## Problem to work on
Pictures stay out of the copy, which must hold exactly the lines from the one containing "Sillón Tapizado con" through the end of the material below.

=== Begin Enclosure ===

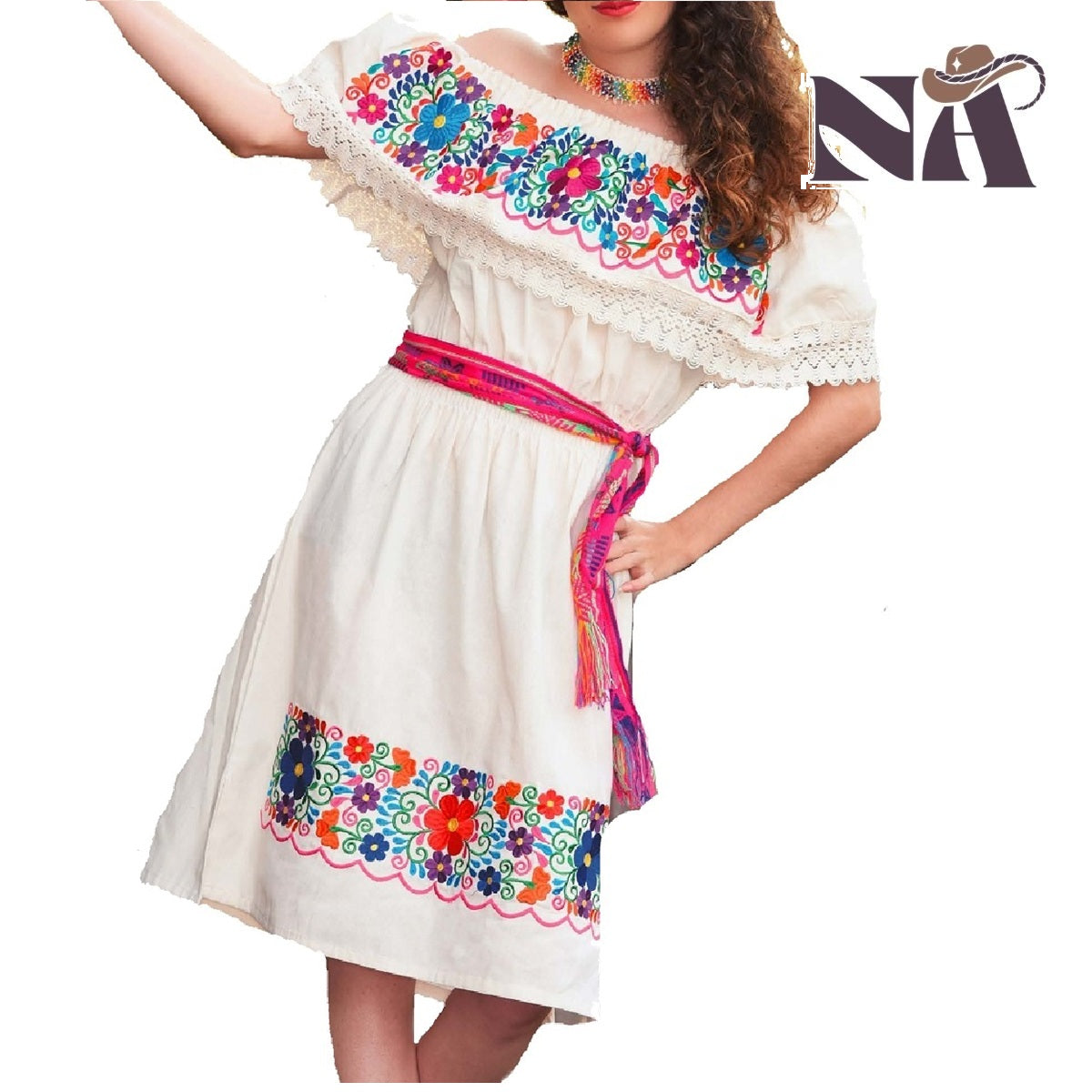Embroidered Dress NA-TM-77301- Vestido Bordado
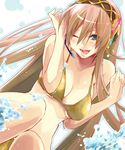  aqua_eyes bikini blush breasts eretto headphones headset large_breasts long_hair megurine_luka one_eye_closed pink_hair smile solo swimsuit vocaloid 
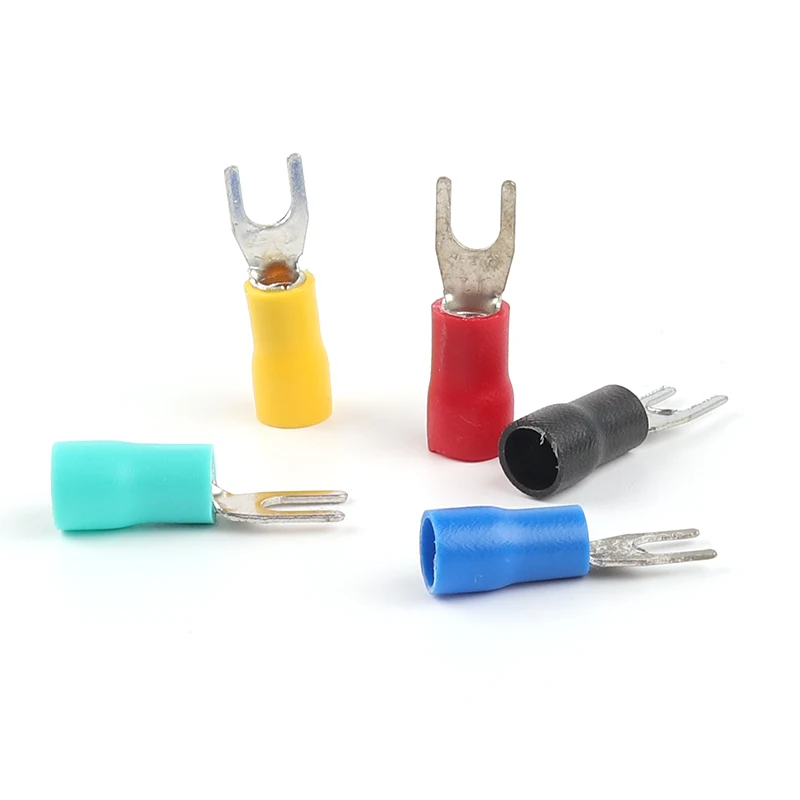 1000 Pcs SV Type Wire Spring Terminal Fork Spade Wire Connector Copper Conductor Insulate Ferrules Block Spade Cold Press Cable images - 6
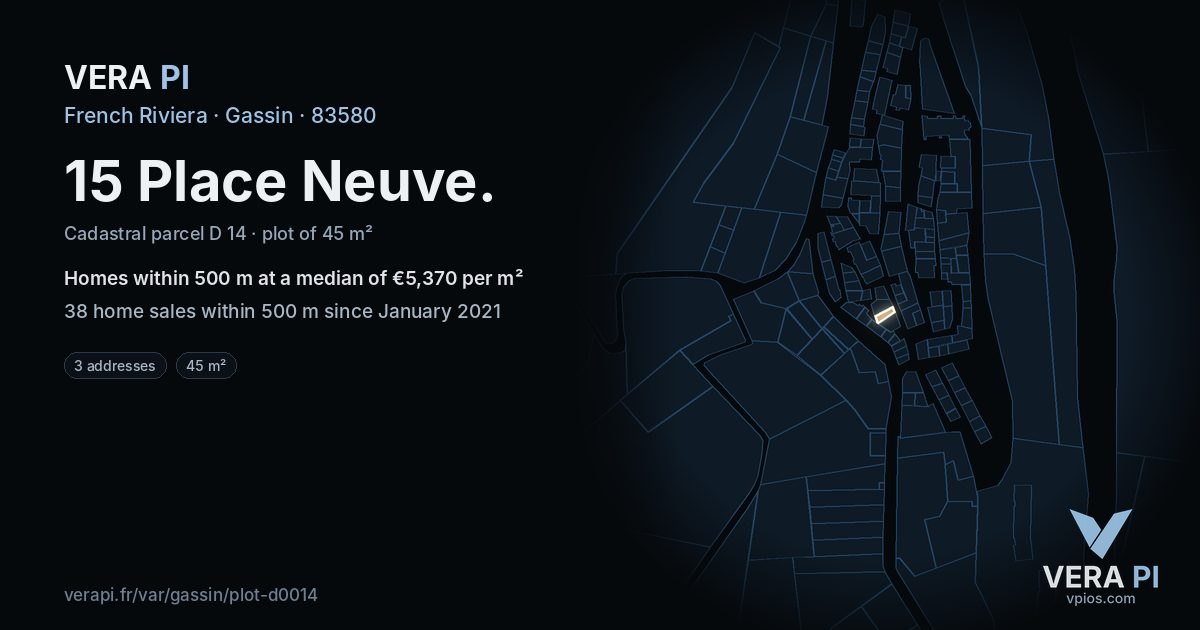 15 Place Neuve, Gassin at night – the plot lit, the parcels around coloured by the prices near them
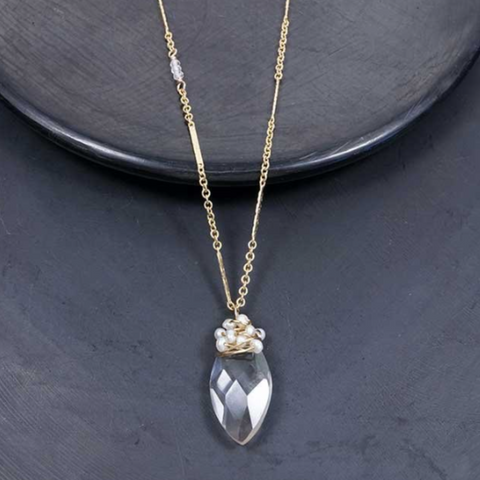 Quartz Wrapped in Tiny Pearls 14K Gold Necklace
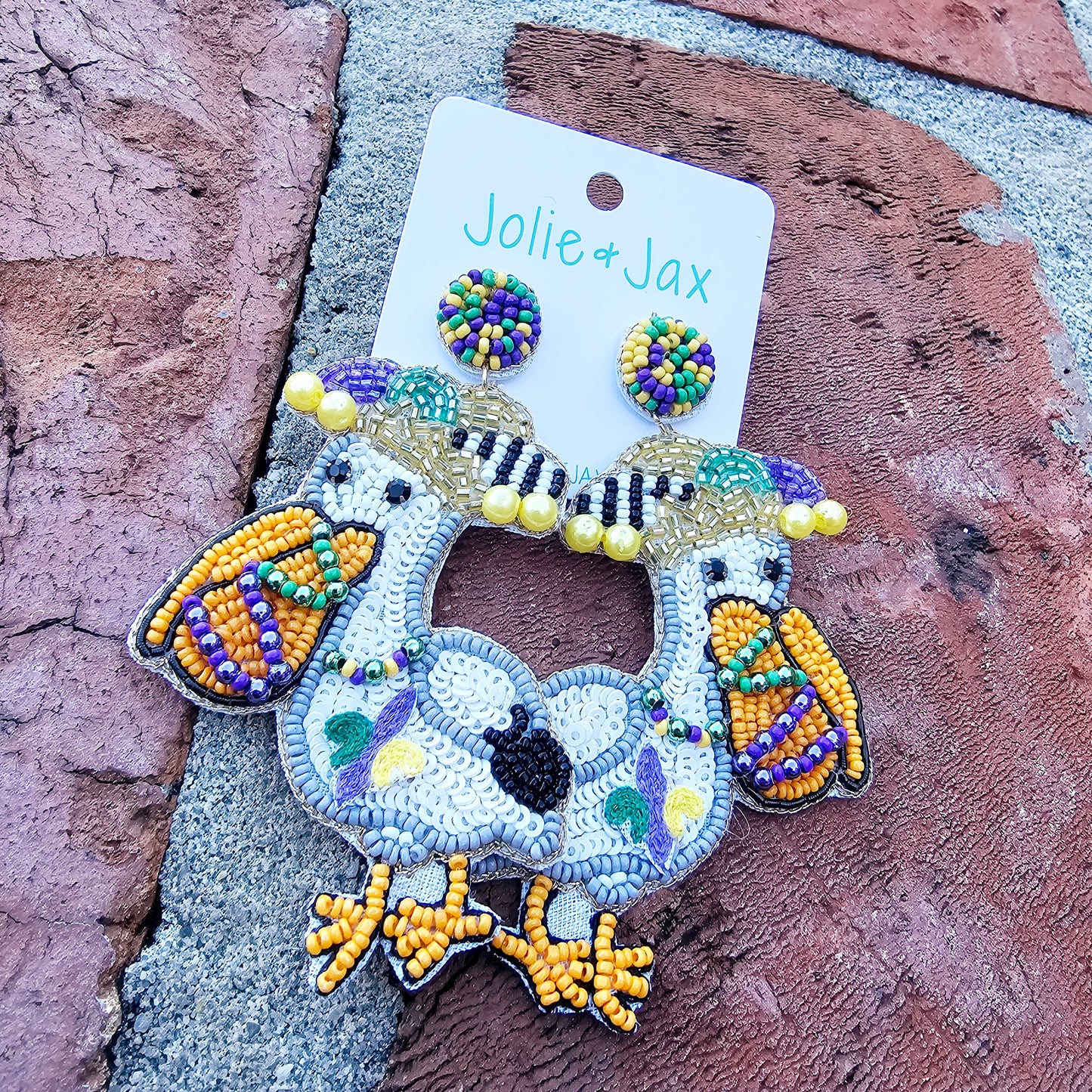 Mardi Gras Pelican Beaded Earrings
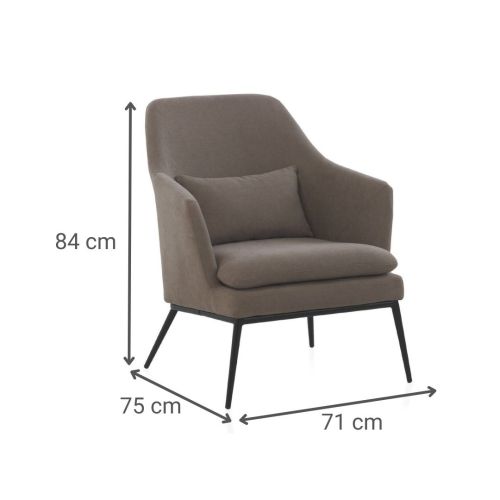Sillón Tapizado con Cojín y Patas Metálicas GABAR
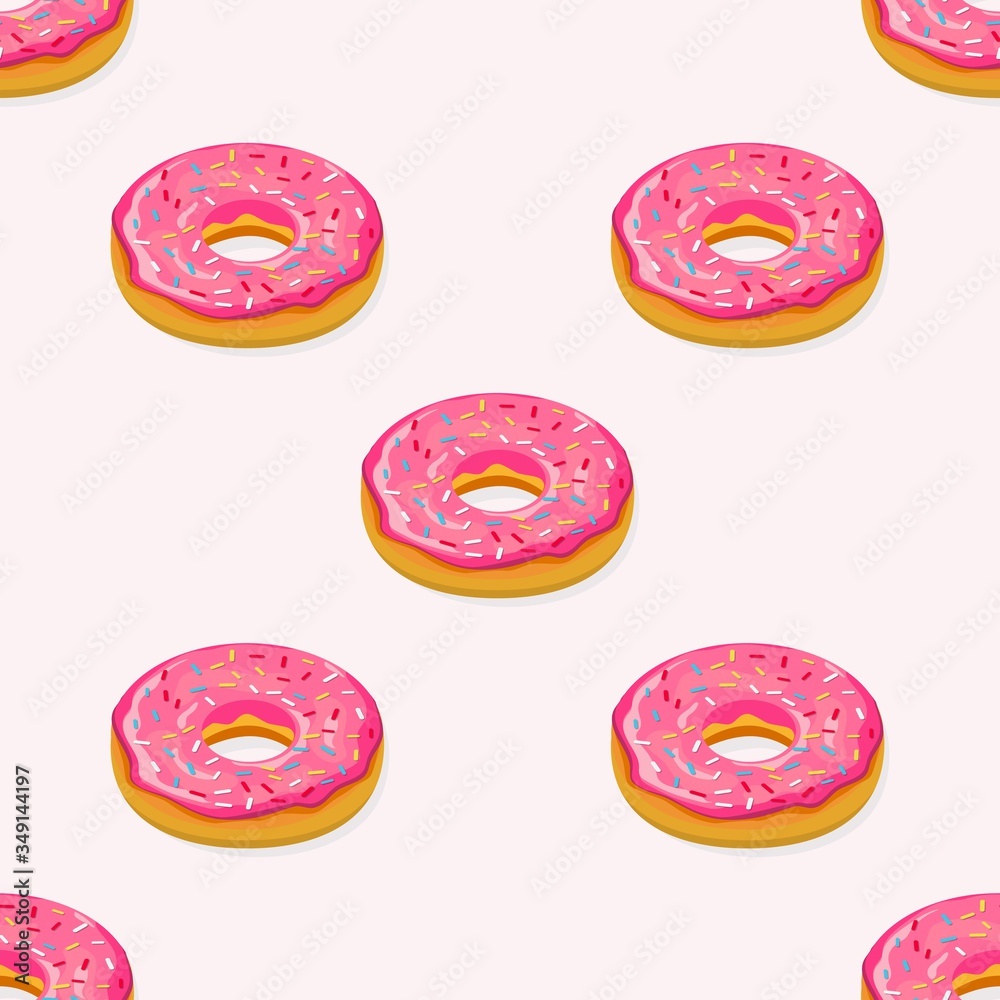 Donuts seamless isometric pattern. Cute sweet food baby background. Colorful design for textile, wallpaper, fabric, decor. Template for design. Vector illustration in flat style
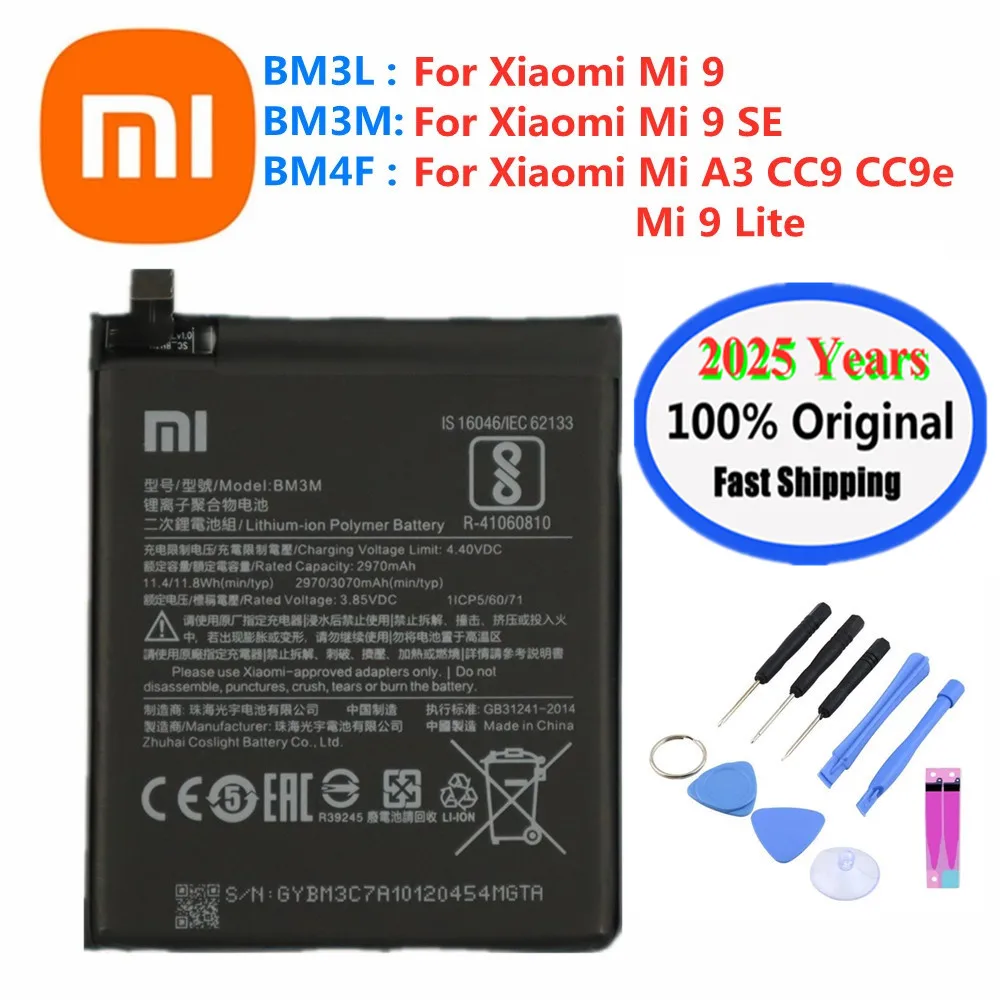 2025 Years 100% Original Phone Battery For Xiaomi Mi 9 Lite Mi9 Lite / Mi 9 SE Mi9 SE / Mi A3 CC9 CC9e BM4F BM3M BM3L Battery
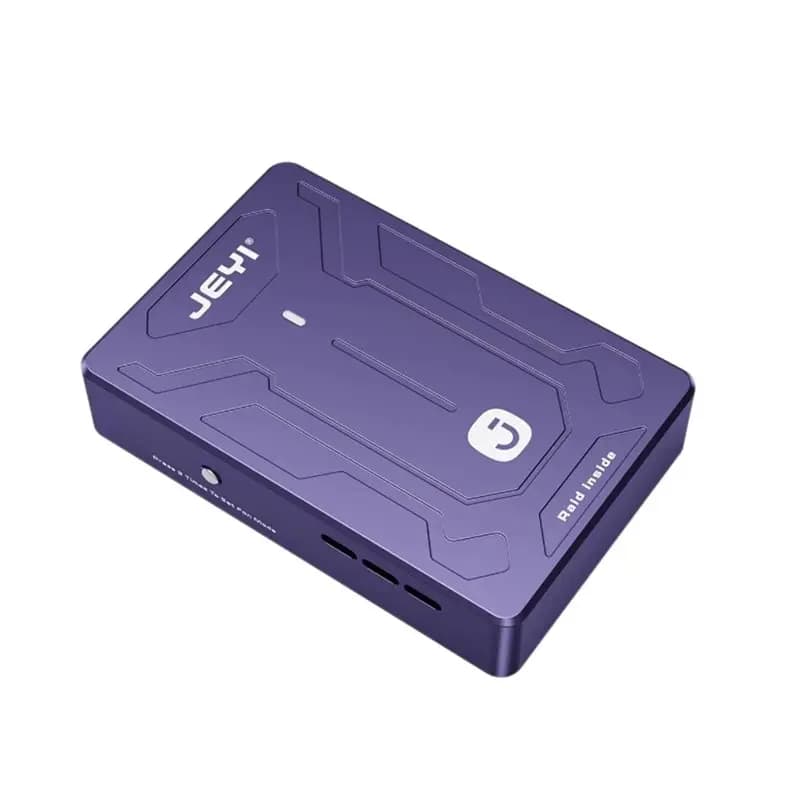 JEYI Built-In Cooling Fan Dual Bay NVME RAID SSD Enclosure USB3.2 20Gbps External Enclosure For PC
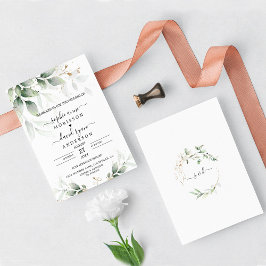 Greenery Eucalyptus Gold Calligraphy Wedding Kaart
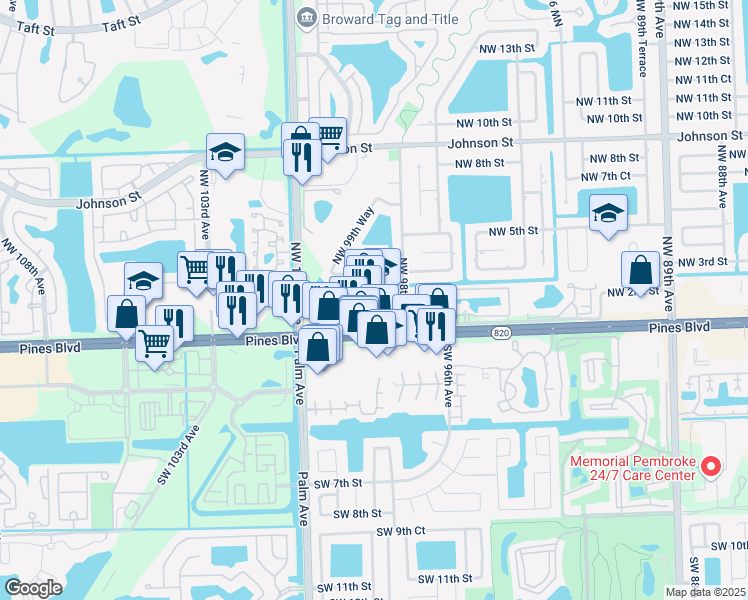 map of restaurants, bars, coffee shops, grocery stores, and more near 9953 Northwest 2nd Street in Pembroke Pines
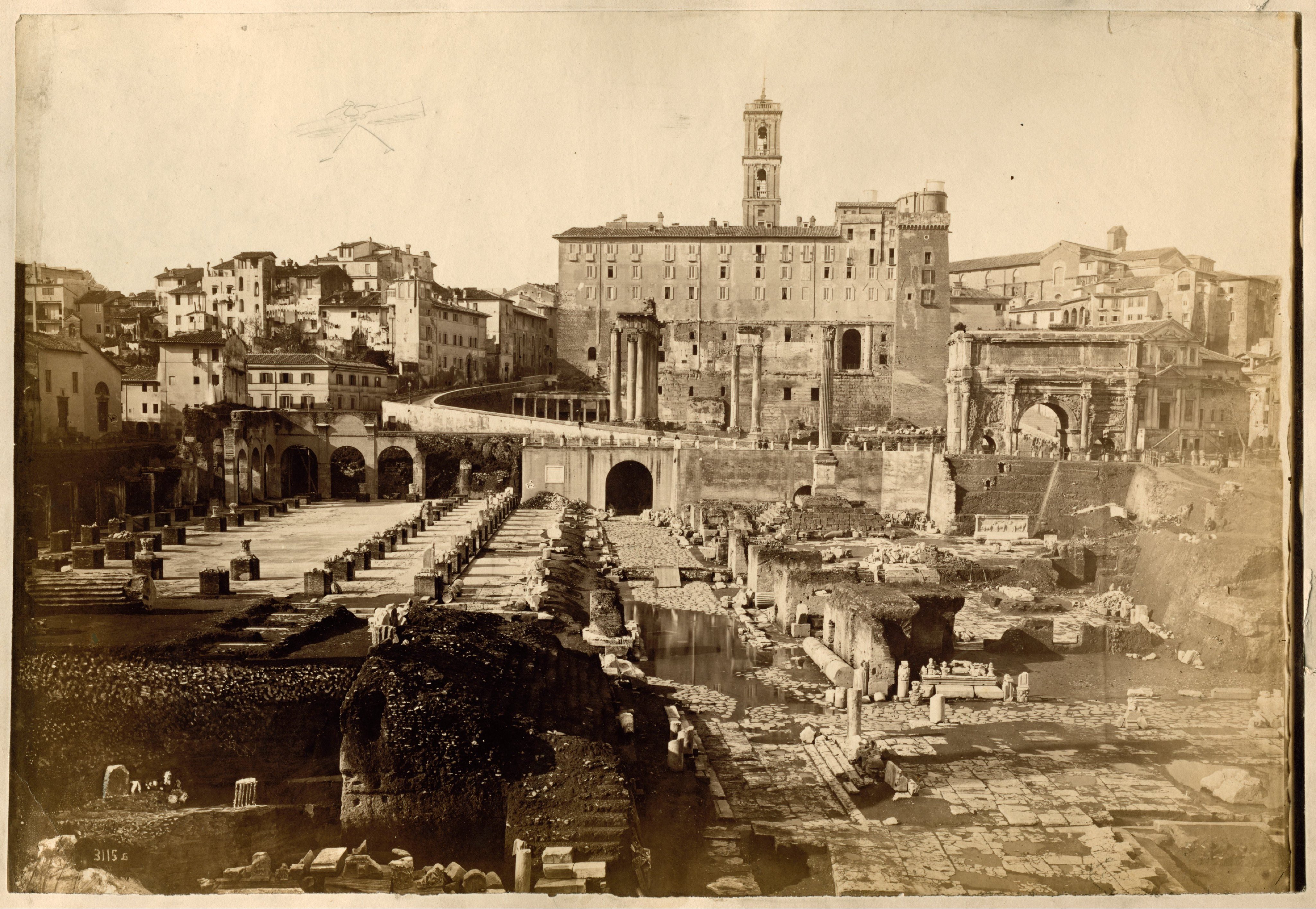 Gezicht op het Forum Romanum in Rome, Italië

=== End Enclosure ===

## Reply
Sillón Tapizado con Cojín y Patas Metálicas GABAR
 Donuts seamless isometric pattern. Cute sweet food baby background. Colorful design for textile, wallpaper, fabric, decor. Template for design. Vector illustration in flat style
 2025 Years 100% Original Phone Battery For Xiaomi Mi 9 Lite Mi9 Lite / Mi 9 SE Mi9 SE / Mi A3 CC9 CC9e BM4F BM3M BM3L Battery
 JEYI Built-In Cooling Fan Dual Bay NVME RAID SSD Enclosure USB3.2 20Gbps External Enclosure For PC
 Greenery Eucalyptus Gold Calligraphy Wedding Kaart
 map of restaurants, bars, coffee shops, grocery stores, and more near 9953 Northwest 2nd Street in Pembroke Pines
 Gezicht op het Forum Romanum in Rome, Italië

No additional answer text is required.